◆ DATA PROVIDED:
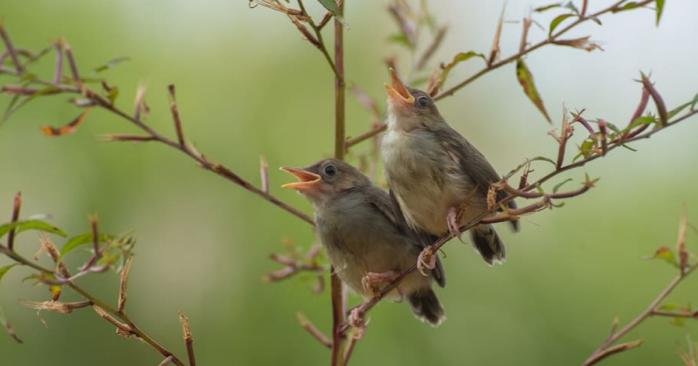Співочі птахи особливо голосні вранці, фото: PxFuel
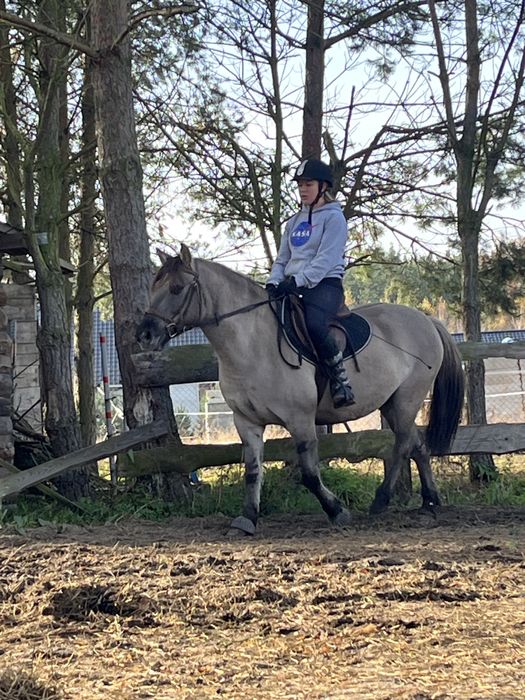 Konik polski wałach 4 lata pod siodło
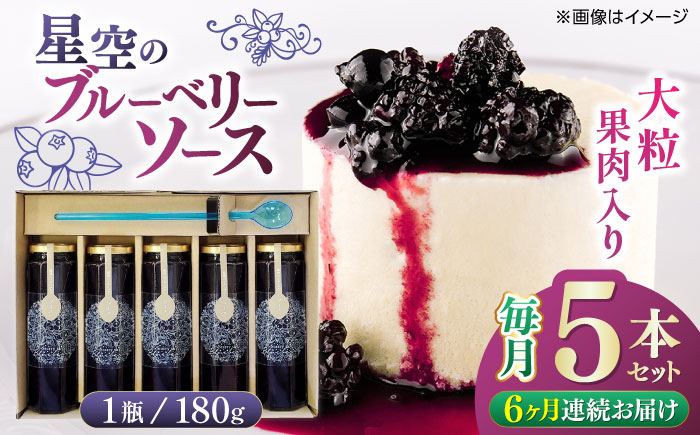 【全6回定期便】星空の ブルーベリーソース 5本セット 180ｇ×5【清和の恵み工房】 [YAA009]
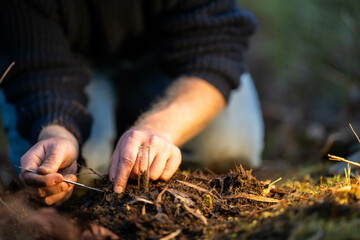 regenerative organic farmer, taking soil samples and looking at plant growth in a farm. practicing sustainable agriculture in spring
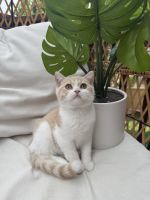 Scottish Fold Cats for sale in Denver, CO, USA. price: $1,500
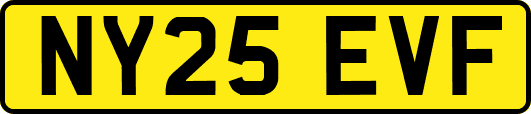 NY25EVF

◆ WORK ORDER:
Each record above goes into the copy word for word; the pictures do not.

◆ SOLVED EXERCISE:
Співочі птахи особливо голосні вранці, фото: PxFuel
 Konik polski wałach 4 lata pod siodło
 【全6回定期便】星空の ブルーベリーソース 5本セット 180ｇ×5【清和の恵み工房】 [YAA009]
 regenerative organic farmer, taking soil samples and looking at plant growth in a farm. practicing sustainable agriculture in spring
 Scottish Fold Cats for sale in Denver, CO, USA. price: $1,500
 NY25EVF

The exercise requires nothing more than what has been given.